4.2. Evaluation on Real-World PolSAR Images

To further evaluate the performance of Pol-IER, two real-world PolSAR images from ESAR and AirSAR were ultilized to conduct experiments. The first PolSAR data set is an L-band PolSAR image from the Oberpfaffenhofen test site, Oberpfaffenhofen, Germany. A preprocessing of six looks in the azimuth and three looks in the range were performed to equalize the resolutions of the azimuth and the range. After the multilook processing, the size is 469 × 513 pixels, and the Sinclair color-coded image is shown in Figure 6. The second data set is a 4-look AirSAR L-Band PolSAR image with size 750 × 1024 pixels from Flevoland, the Netherlands, and the Sinclair color-coded image is shown in Figure 11a.
The standard SLIC, IER, SLIC-GC and Pol-IER were performed on these two real-world images for comparison. The initial grid width is generally set according to the complexity of terrains empirically. In the experiments, all of the initial grid widths were set as S = 5 for the first data set and S = 12 for the second one. S min was set as S 2 / 4 in CCA and N t h was also set as S 2 / 4 for SLIC-GC and Pol-IER. The performance of these four competitive algorithms on real-world PolSAR images were visually inspected due to the absence of the ground truth of the real-world images. Therefore, we focused on the performance of the boundary adherence and strong point targets preservation for comparison.

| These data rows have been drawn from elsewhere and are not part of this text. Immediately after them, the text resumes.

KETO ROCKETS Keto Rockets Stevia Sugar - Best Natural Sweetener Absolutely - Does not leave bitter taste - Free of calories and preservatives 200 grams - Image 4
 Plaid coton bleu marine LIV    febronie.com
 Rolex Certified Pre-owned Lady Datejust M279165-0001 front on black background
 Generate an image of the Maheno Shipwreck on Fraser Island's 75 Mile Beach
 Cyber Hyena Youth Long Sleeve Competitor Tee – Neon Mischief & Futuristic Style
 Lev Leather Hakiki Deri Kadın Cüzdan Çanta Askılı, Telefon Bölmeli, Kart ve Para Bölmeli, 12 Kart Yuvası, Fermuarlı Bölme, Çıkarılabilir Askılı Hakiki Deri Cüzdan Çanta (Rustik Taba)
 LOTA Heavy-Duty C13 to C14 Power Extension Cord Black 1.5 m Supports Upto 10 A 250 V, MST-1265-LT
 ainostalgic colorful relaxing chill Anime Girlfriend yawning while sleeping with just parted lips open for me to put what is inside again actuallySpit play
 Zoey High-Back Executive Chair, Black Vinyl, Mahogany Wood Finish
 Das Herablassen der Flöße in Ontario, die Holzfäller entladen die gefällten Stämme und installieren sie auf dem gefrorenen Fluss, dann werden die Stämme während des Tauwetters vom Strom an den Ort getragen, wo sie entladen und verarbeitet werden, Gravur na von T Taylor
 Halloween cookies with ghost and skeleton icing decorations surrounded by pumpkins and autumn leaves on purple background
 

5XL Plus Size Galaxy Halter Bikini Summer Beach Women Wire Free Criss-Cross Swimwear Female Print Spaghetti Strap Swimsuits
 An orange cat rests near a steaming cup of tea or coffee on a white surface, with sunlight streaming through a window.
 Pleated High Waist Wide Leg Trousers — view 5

4.2.1. Evaluation on the First Data Set

Since the method of our proposed initialization, which initializes the unstable pixels as all the pixels in an image, only showed a slight advantage on the simulated PolSAR data for its large and regular regions, the comparison experiments of two methods of initialization were performed on the first real-world PolSAR image and the results are given in Figure 7. It can be seen that both methods work well as a whole. Since our method of initialization is proposed for the small or slim regions, we will analyze the details of the results. The details of regions A, B, and C, which are marked in red rectangles in Figure 7, are compared in Figure 8. It can be seen from the regions marked by blue ellipses in Figure 8b,c that our method has a smoother boundary than the GES. That is because our method of initializing unstable pixels contains all the potential edges, however, the GES may lose some edges, especially when the initial grid width is large. The region in the yellow rectangle of Figure 8f maintains a more similar shape in Figure 8d than that of Figure 8e, which also gives the credit to the proposed method of initialization. The last row in Figure 8 shows that more details are maintained by our method, which indicates that the proposed initialization method can preserve more detail information than the GES. In summary, our proposed method of initialization, compared with the GES, shows the superiority for PolSAR superpixel segmentation.
Figure 9 gives the final superpixels of these four methods, in which the standard SLIC, IER, SLIC-GC and Pol-IER are included. The compactness m was set as 15 for the standard SLIC and IER, 0.3 for SLIC-GC and 0.6 for Pol-IER. It can be seen from Figure 9 that the standard SLIC acquired the worst superpixels. Although its running time, as shown in Table 1, is the shortest, the generated superpixels’ boundary of the standard SLIC cannot be preserved very well, especially in the slim regions and small regions such as the thin road in the middle of the image and the strong point targets in bottom right regions circled by the red rectangle. The reason is that all the pixels are relabeled according to CIELAB Euclidean distance, which makes more pixels incorrectly labeled. From the first column of Figure 9, it can be seen that the generated superpixels of IER and Pol-IER are regular in homogeneous areas with good boundary recall, because only unstable pixels rather than all the pixels are relabeled in the step of local relabeling in IER and Pol-IER.
For visual clarity, the small regions D and E in Figure 9b,d,f,h are enlarged and shown in Figure 10. From the slim white regions marked by the yellow ellipses in Figure 10a–e, it can be seen clearly that both SLIC-GC and Pol-IER show good performance in boundary recall, because the revised Wishart distance can better describe the characteristic of PolSAR data than CIELAB Euclidean distance, which means that the coherency matrix provides more information than color for PolSAR images. From the regions marked by red rectangles (in Figure 10f–j), it can be observed clearly that the strong point targets can be preserved very well by Pol-IER because all the potential edges are maintained and the strong point targets are also preserved by the postprocessing procedure in Pol-IER, while most of the point targets are lost in the other three methods. In summary, Pol-IER performs the best in boundary adherence, regularity and strong point targets preservation.
The running time of these four methods are showed in Table 1. Since Pol-IER computed the distance based on the coherency matrix instead of the three elements in CIELAB space, the running time of Pol-IER is slightly longer than that of standard SLIC. Besides, only the grid edge pixels are considered as the unstable pixels for IER, while our Pol-IER takes all of the image pixels as unstable pixels in the initialization step, it is reasonable that our Pol-IER is less efficient than the IER. However, as a result of only relabeling unstable pixels, it can be seen that the running time of Pol-IER is more than eight times shorter than the state-of the-art SLIC-GC with the same data distance measure.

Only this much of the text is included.